Important differences exist by WHO region over time. Incidence decreased in several regions (eg, European, African, and South-East Asian regions) and increased in the Americas region. Reasons for these trends are difficult to disentangle; however, several features might provide elucidation. Trends in Europe were largely influenced by prisons in Russia, which have successfully reduced tuberculosis incidence in the past decade due to targeted interventions.

Importantly, estimated incidence in the African region was over 2200 cases per 100 000 person-years—almost double the global estimate—suggesting an urgent need for control measures and research on implementation of appropriate interventions. Reasons for the increases in tuberculosis burden in the Americas might be multifactorial. Mass incarceration has risen substantially in the Americas, possibly leading to increased crowding.

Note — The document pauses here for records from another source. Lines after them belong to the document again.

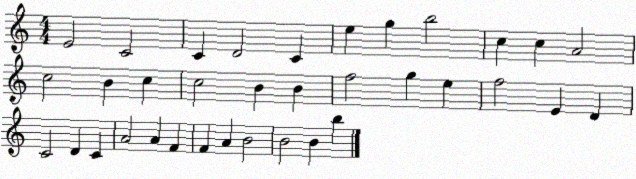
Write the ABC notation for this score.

X:1
T:Untitled
M:4/4
L:1/4
K:C
E2 C2 C D2 C e g b2 c c A2 c2 B c c2 B B f2 g e f2 E D C2 D C A2 A F F A B2 B2 B b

The strong association we found between crowding and tuberculosis incidence suggests this might be an important driver of the rising tuberculosis incidence in prisons in the Americas, especially in Central and South America.

Although estimated incidence rates were high across WHO regions, heterogeneity was reported within regions as well. For example, in the Americas, incidence in South and Central American countries (both >1200 cases per 100 000 person-years) was considerably higher than those in North America (<50 incident cases per 100 000 person-years). Similarly, eastern Europe had a substantially higher incidence than western Europe.

Through a large systematic effort working with country-level officials, national and regional organisations, and non-governmental organisations, we were able to collect national notification data for tuberculosis in this hard-to-reach population. Global and regional health organisations currently focus efforts for tuberculosis reporting at the global level on certain populations at high risk (eg, people living with HIV and household contacts).

 Incarcerated individuals have been excluded from these data compilations, either due to an assumption that these data are not available or a lack of prioritization for this population.

 Due to the scarcity of data, incarcerated populations have little representation in international tuberculosis guidelines and by national tuberculosis programs.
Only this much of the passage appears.